The primary concept was a perceived commonality between Wagner's mythological sources and those of a remote region of the Caucuses. The stage, throughout the Cycle, was dominated by enormous fibreglass figures, or parts thereof, and numerous small amorphous bodies about a metre tall.

Rheingold's opening scene was very dark with about 20 or so small fibreglass figures arranged in rows and four huge ones suspended horizontally above the stage. Some 10 "dancers", clad in black with luminous white hair to the floor engaged in a series of exercises while the Rhinemaidens and Alberich sang.

It soon became apparent that very little effort was being made to match the production to the words and the stage directions appeared to be completely ignored.
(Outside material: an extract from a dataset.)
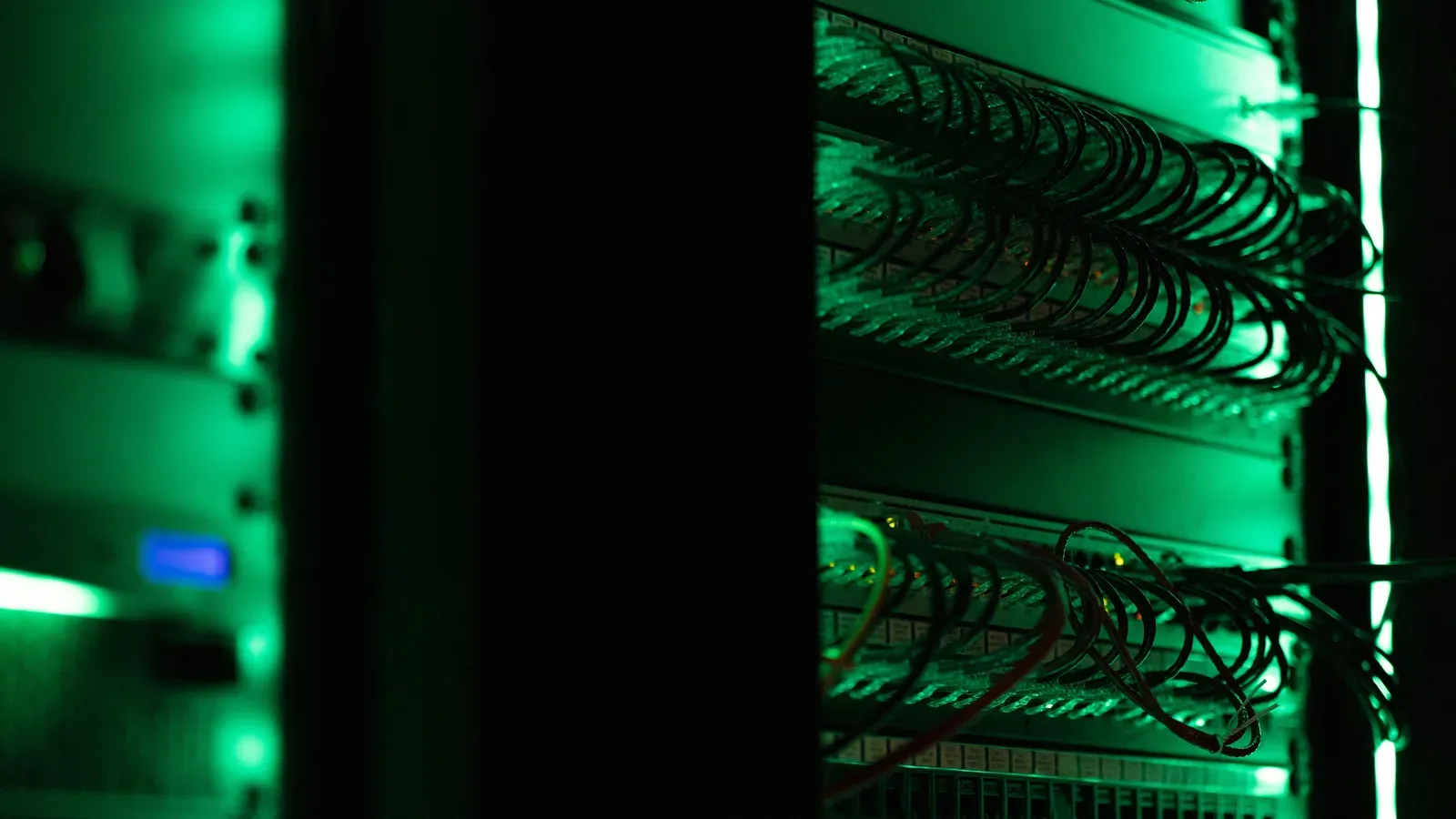 Serverschrank mit Netzwerktechnik in einem abgedunkelten Raum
For instance, the Niebelungen gold was a mesh sphere so there was no relevance in the demand for the Tarnhelm or Ring to fill the chinks and cover Freia (Tatiana Borodina).

Fricka (Svetlana Volkova) and Wotan (Mikhail Kit) were dressed in classical style but for obscure reasons donned large Egyptian godhead masks for the walk to Valhalla. The singing was excellent with Erda (Zlata Bulycheva) being outstanding. The orchestra was very good, though it did seem to rather under-rehearsed.
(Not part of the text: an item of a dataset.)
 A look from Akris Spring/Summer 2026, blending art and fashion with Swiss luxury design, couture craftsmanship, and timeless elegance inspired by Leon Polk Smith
Walküre began well with Sieglinde ( Mlada Khudoley) and Siegmund (Alexie Steblyanko) singing strongly and lyrically, though Sieglinde's dress of leaves and branches did seem a bit insecure. Hunding (Gennardy Bezzubenkov) was accompanied by five "dancers" dressed as hunting dogs and though he sang very well the dogs were a distraction.
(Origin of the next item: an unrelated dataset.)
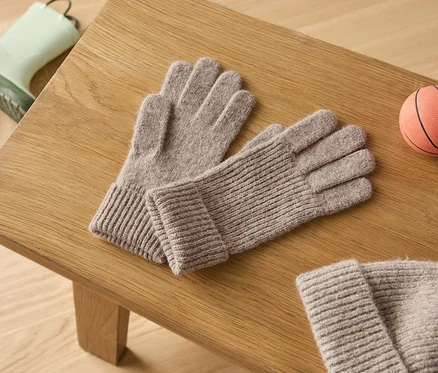 Auf einem Holztisch liegen ein Paar graue Strickhandschuhe, ein Paar grüne Gummistiefel und ein kleiner orangefarbener Basketball.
Fricka and Wotan (Vladimir Vaneyev) were dressed in Russian folk costumes and Brünnhilde (Olga Savova) in a glorious black gown with a radiating silver headdress reminiscent of the Queen of the Night. One odd thing was that Wotan had his patch on the wrong eye.

The singing was beautiful and very moving, but the entrance of the "dancers" during the Annunciation of Death, together with the red lights that throbbed in the bodies of the fibreglass figures on the stage, spoiled a very poignant scene. In the last Act there were 17 Valkyries as all the parts except Brünnhilde had been doubled. While the sound quality was marvellous, they all stood in a row at the front of the stage paying no heed to the actions, or reaction, demanded by the words they were singing. Wotan's farewell to Brünnhilde was very moving despite the ubiquitous "dancers", this time dressed as flames, who climbed all around Brünnhilde long before Wotan had summoned Loge

Siegfried started badly when the bear appeared rolling onto the stage in a double hoop. Neither Siegfried (Leonid Zakhorzhaev) nor Mime (Nicholi Gassier) was outstanding, but The Wanderer ( Mikhail Kit) did manage to bring some emotion and tension to his scene with Mime. However, this very idiosyncratic production had more surprises, as there was no attempt to forge the sword; rather, Siegfried wandered around the stage. It came as no surprise then that there was no dragon though there was a visible Woodbird. In Act 3 Brünnhilde (Larissa Gogolevskaya) sang strongly.

Götterdämmerung started well with the Norns acting and singing very convincingly. Siegfried ( Sergei Lyadov) and Brünnhilde (Olga Sergeyeva) were excellent and our hopes were raised for a strong finish, but it was not to last. The scene in the Gibiching Hall was not convincing with the vassals giving the impression of an Impi army. By Act 3, the strain on the voices was showing. After Siegfried's death, he was placed - with his active participation - in the bear's double hoop and rolled off stage only to reappear in a coffin at the front of the stage while a number of people filed passed dropping salt? on the body. Brünnhilde's farewell was an anti-climax and the whole scene petered out without fire or any suggestion of renewal.

It was a disappointing Ring for me and indeed for most of the group. We had expected so much and while the orchestra was always very good and there was some wonderful singing the sheer perversity of the production was the overwhelming factor. Just as you became totally absorbed in the singing there was some distraction which could not be ignored. It certainly provoked continuous discussion within the Group as we tried to rationalise what we had seen. Interestingly this discussion continues whenever we meet.